Je suis sur la plage de San Francisco, pas très loin de sa maison à Tiburon. Je viens de prendre une photo de l'océan, et en voulant la mettre sur Twitter, c'est là que j'apprends la nouvelle. Ça vient de sortir: Robin Williams s'est suicidé. Tout de suite, son visage apparaît dans ma tête. Avec son sourire fait d'une seule ligne. Comme un trait de crayon. À la Charlie Brown. Et ses yeux bons au regard mouillé. Sur le fil, ça dit qu'il est mort par strangulation. L'image que ça envoie dans mon cerveau me donne le frisson. Cet homme qui m'a fait tant rire me laisse toute sa peine pour finir.

J'oublie la photo du Pacifique et j'écris un tweet: Robin Williams rejoint la Société des poètes disparus. Merci pour les grandes inspirations. Paix à son âme. On est des milliers à partager notre émoi, à vif, sur les réseaux sociaux. Une nouvelle façon de se faire consoler.

Ma blonde revient de sa marche sur la grève. Je lui annonce ça comme on annonce un drame. Avec une voix qui fait bang. Robin Williams s'est suicidé. Elle grimace. Ça lui fait mal. On regarde la mer en silence.

C'est bizarre, la mort d'une star. Ça ne nous accable pas comme la mort d'un proche. Mais ça nous mine en dedans. Comme si tous les souvenirs qu'on lui doit changeaient de couleur. Devenaient gris. On a soudain le désir de tout revoir: Madame Doubtfire, Good morning, Vietnam, Le Cercle des poètes disparus, Patch Adams, son spectacle sur Broadway, ses apparitions à Letterman et Carson. On le regarde, mais on ne le reçoit plus comme avant. Y'a une tristesse dans nos rires. Y'a une tristesse dans notre émerveillement. La sienne, probablement.

Certains s'étonnent qu'un comique se soit enlevé la vie. Un comique n'est pas plus à l'abri du foutu désespoir qu'un soldat ou qu'un plombier. Être drôle, ce n'est pas être heureux. Être drôle, c'est regarder dans les yeux le malheur et lui tirer la langue. Peut venir un jour où il prend sa revanche. Le comique est une tragédie en accéléré. Comme les vues de Chaplin.

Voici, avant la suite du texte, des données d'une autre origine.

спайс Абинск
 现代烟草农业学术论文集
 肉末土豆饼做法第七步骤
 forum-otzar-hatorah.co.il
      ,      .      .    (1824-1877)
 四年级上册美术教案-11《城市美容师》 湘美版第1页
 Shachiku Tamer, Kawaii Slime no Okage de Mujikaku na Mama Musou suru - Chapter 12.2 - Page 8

On ne comprend pas le mal de vivre de Robin Williams, pas plus qu'on comprend le mal de vivre de qui que ce soit. Ils ont dû être nombreux, ses amis, à lui dire: «Robin, t'as tout pour être heureux, des enfants, une épouse, un métier où tu es respecté, des millions de fans qui t'admirent et un Oscar. Tu peux être fier de ta vie. Savoure-la!» Il devait sourire et les regarder avec ses yeux mouillés. Le problème, ce n'est pas ce qu'on a. Le problème, c'est ce qu'on est. Pas pour les autres. Pour soi.

Le mal de vivre, personne ne fait rien pour l'avoir. C'est comme la chanson de Barbara, la grande poète disparue:

Ça ne prévient pas quand ça arrive

Ça vient de loin

Ça s'est promené de rive en rive

La gueule en coin

Et puis un matin, au réveil

C'est presque rien

Mais c'est là, ça vous ensommeille

Au creux des reins

Le mal de vivre

Le mal de vivre

Qu'il faut bien vivre

Vaille que vivre...

Ils ont beau vouloir nous comprendre

Ceux qui nous viennent les mains nues

Nous ne voulons plus les entendre

On ne peut pas, on n'en peut plus

Et tout seuls dans le silence

D'une nuit qui n'en finit plus

Voilà que soudain, on y pense

À ceux qui n'en sont pas revenus...

Je suis chanceux, le mal de vivre ne s'est jamais approché de moi. J'apprécie chaque seconde de la vie, qu'elle soit fantastique, dégueulasse ou juste plate. Il me suffit de regarder l'océan pour avoir envie d'être là. Merci à ma chimie.

Que peut-on faire pour aider ceux qui se battent avec eux-mêmes, ceux qui sont leurs pires ennemis, ceux qui sont leurs propres assassins? Il faut plus que les aimer. Il faut les aider à s'aimer. Pour que le bon Robin Williams ait raison du mauvais Robin Williams. Et non le contraire. Ça prend des millions de Patch Adams, des millions de John Keating. Un jour, peut-être...

Goodnight, Robin.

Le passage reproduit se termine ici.